* [HOW TO COMPLETE THIS TASK]: Every entry is to be returned exactly as it stands; the pictures are to be dropped.
[[ GIVEN DATA open ]]
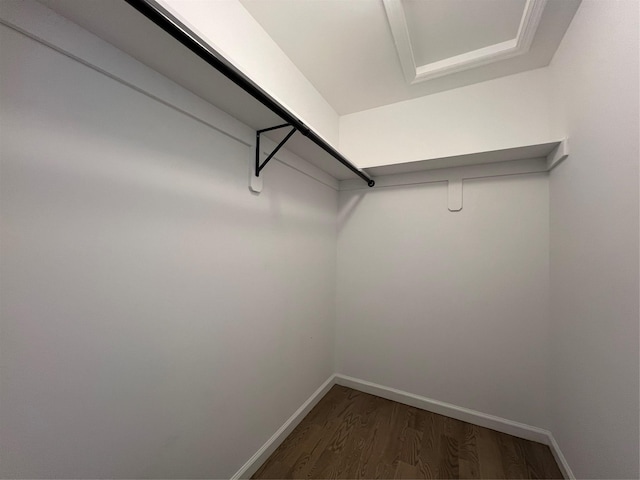 96 Baybright Dr, Shirley, NY 11967 - walk in closet featuring dark wood-style floors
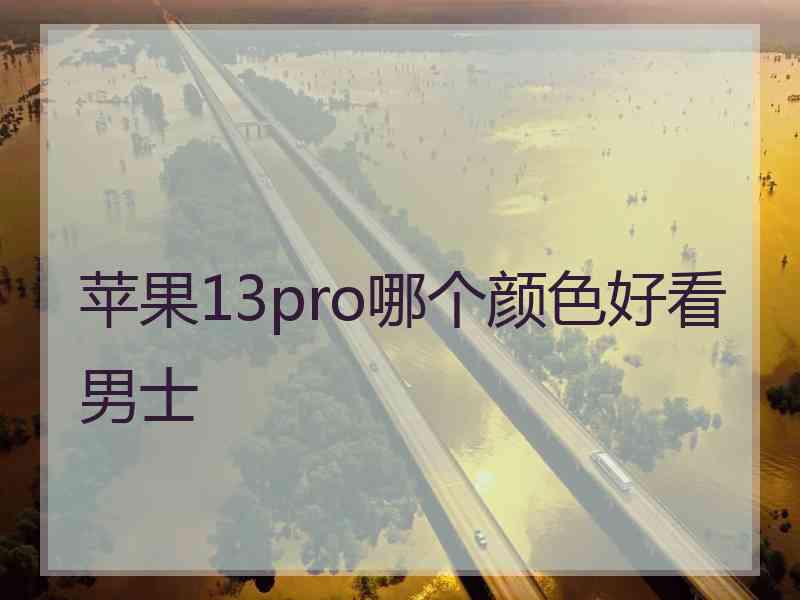 苹果13pro哪个颜色好看男士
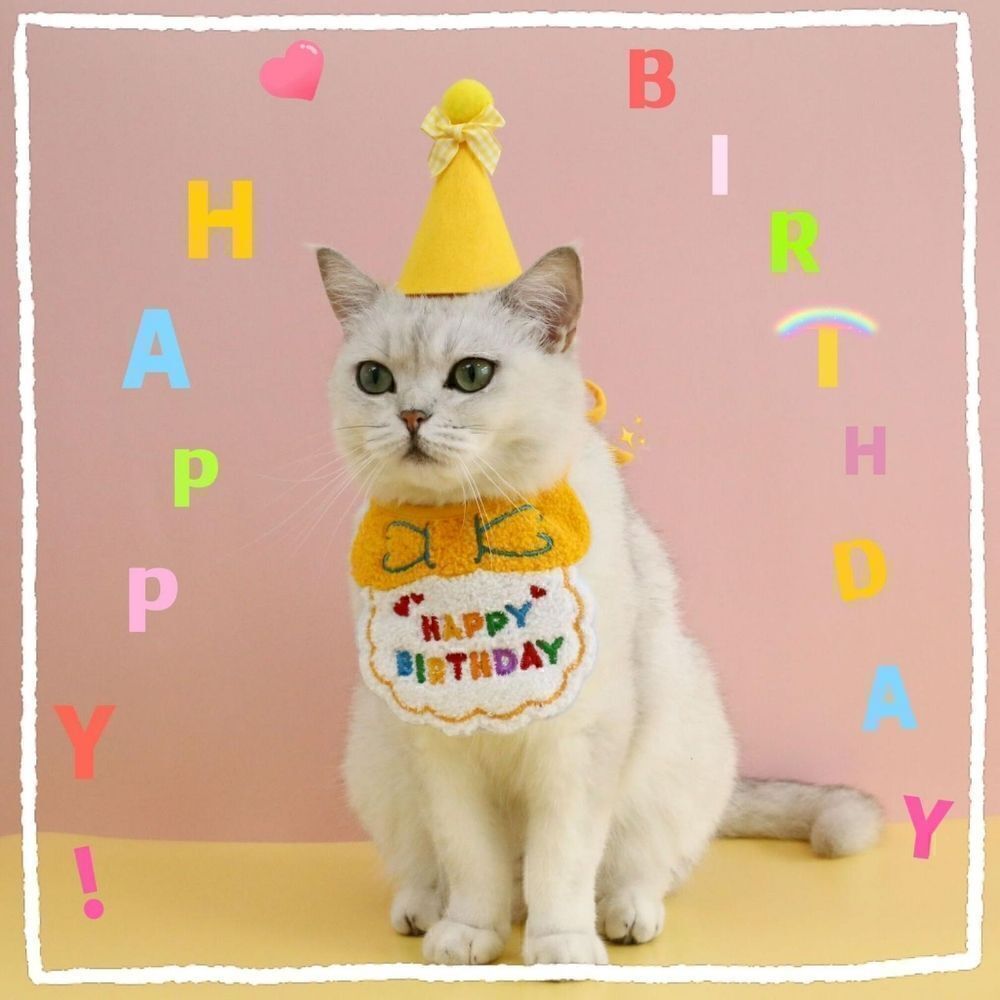 2/$20 Brand new pet happy birthday costume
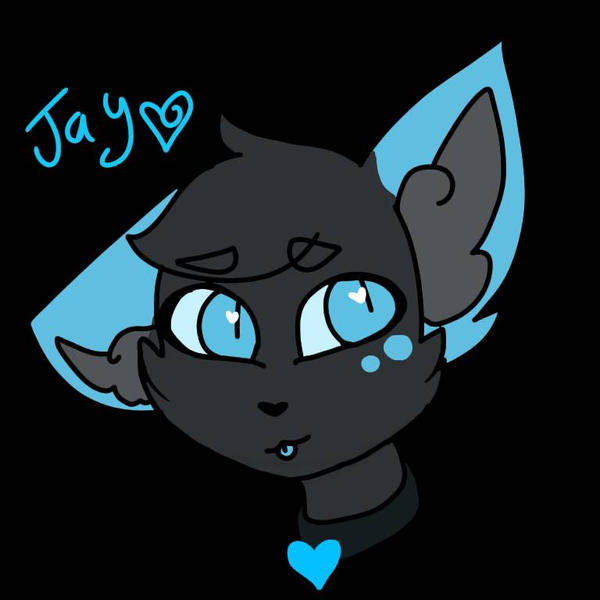 Sharp Jay Face Jay (HeadShot) by misty-senpai49 on DeviantArt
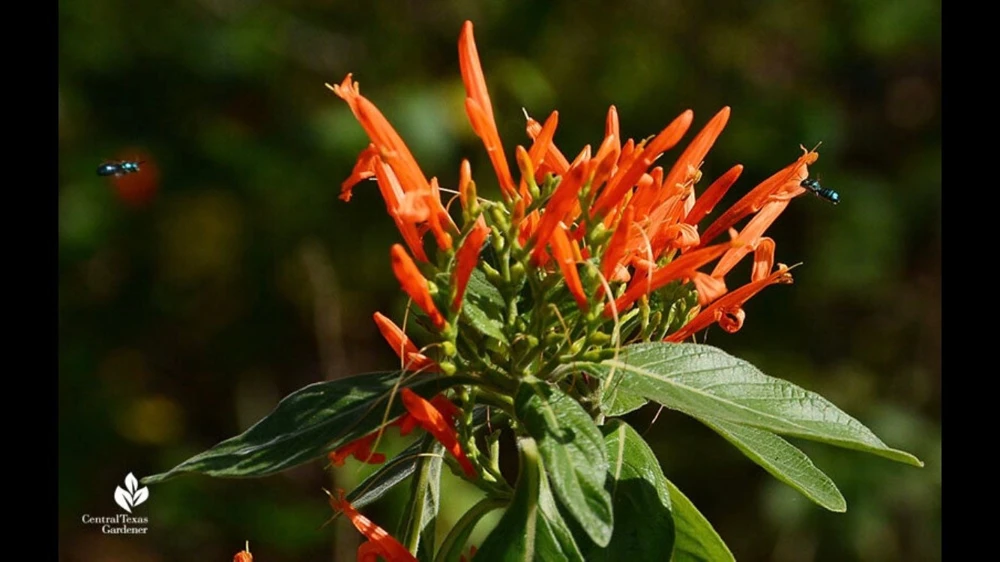 Mexican Honeysuckle Live Plant 1 Gallon Pot - Orange Flowers, Drought Tolerant Shrub - Image 1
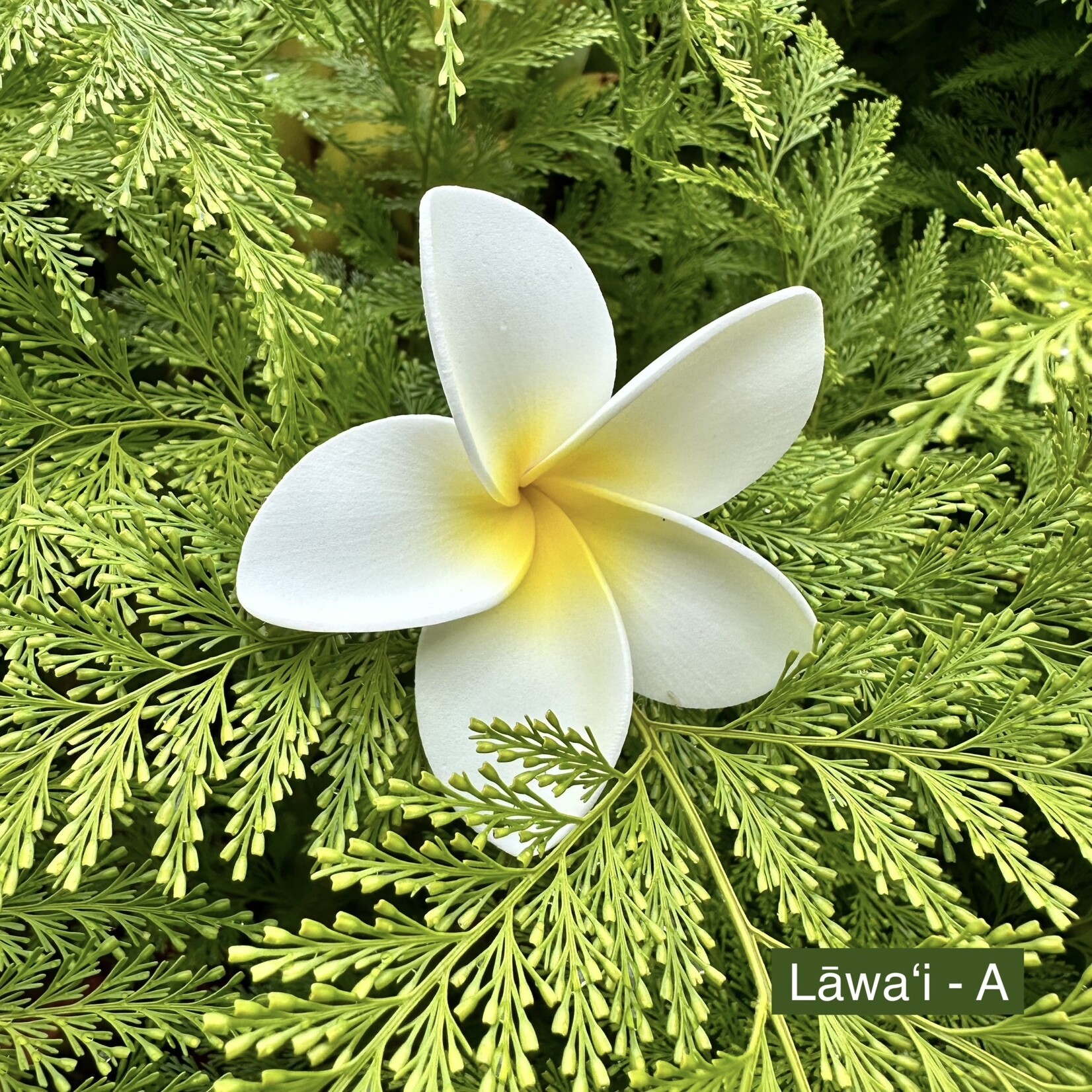 Puka Surf Co. Hawaii Lawai - 3” Plumeria Hairpick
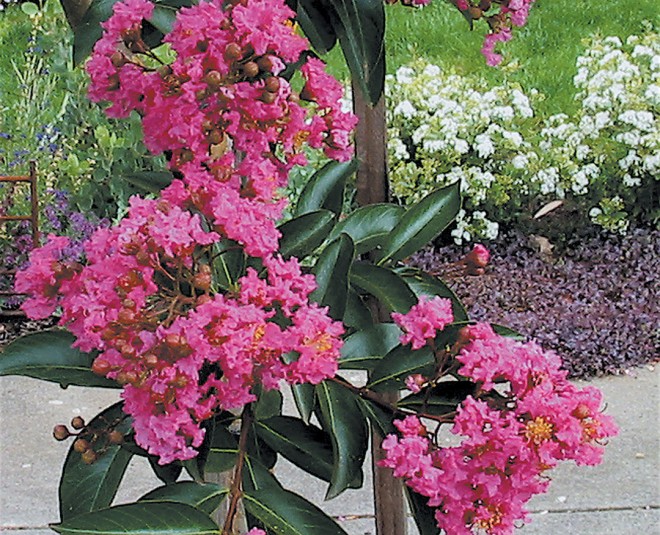 Lagerstroemia 5 fauriei ‘Pecos’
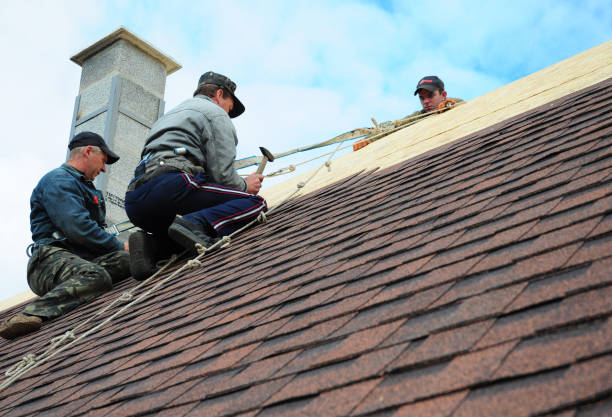 Best Roof Leak Repair  in La Verkin, UT
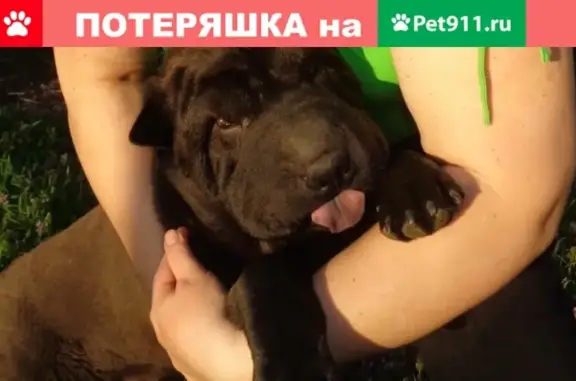 Пропала собака в ст. Переясловская, Краснодарский край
[[ GIVEN DATA closed ]]
* [ANSWER AREA]:
 96 Baybright Dr, Shirley, NY 11967 - walk in closet featuring dark wood-style floors
 苹果13pro哪个颜色好看男士
 2/$20 Brand new pet happy birthday costume
 Sharp Jay Face Jay (HeadShot) by misty-senpai49 on DeviantArt
 Mexican Honeysuckle Live Plant 1 Gallon Pot - Orange Flowers, Drought Tolerant Shrub - Image 1
 Puka Surf Co. Hawaii Lawai - 3” Plumeria Hairpick
 Lagerstroemia 5 fauriei ‘Pecos’
 Best Roof Leak Repair  in La Verkin, UT
 Пропала собака в ст. Переясловская, Краснодарский край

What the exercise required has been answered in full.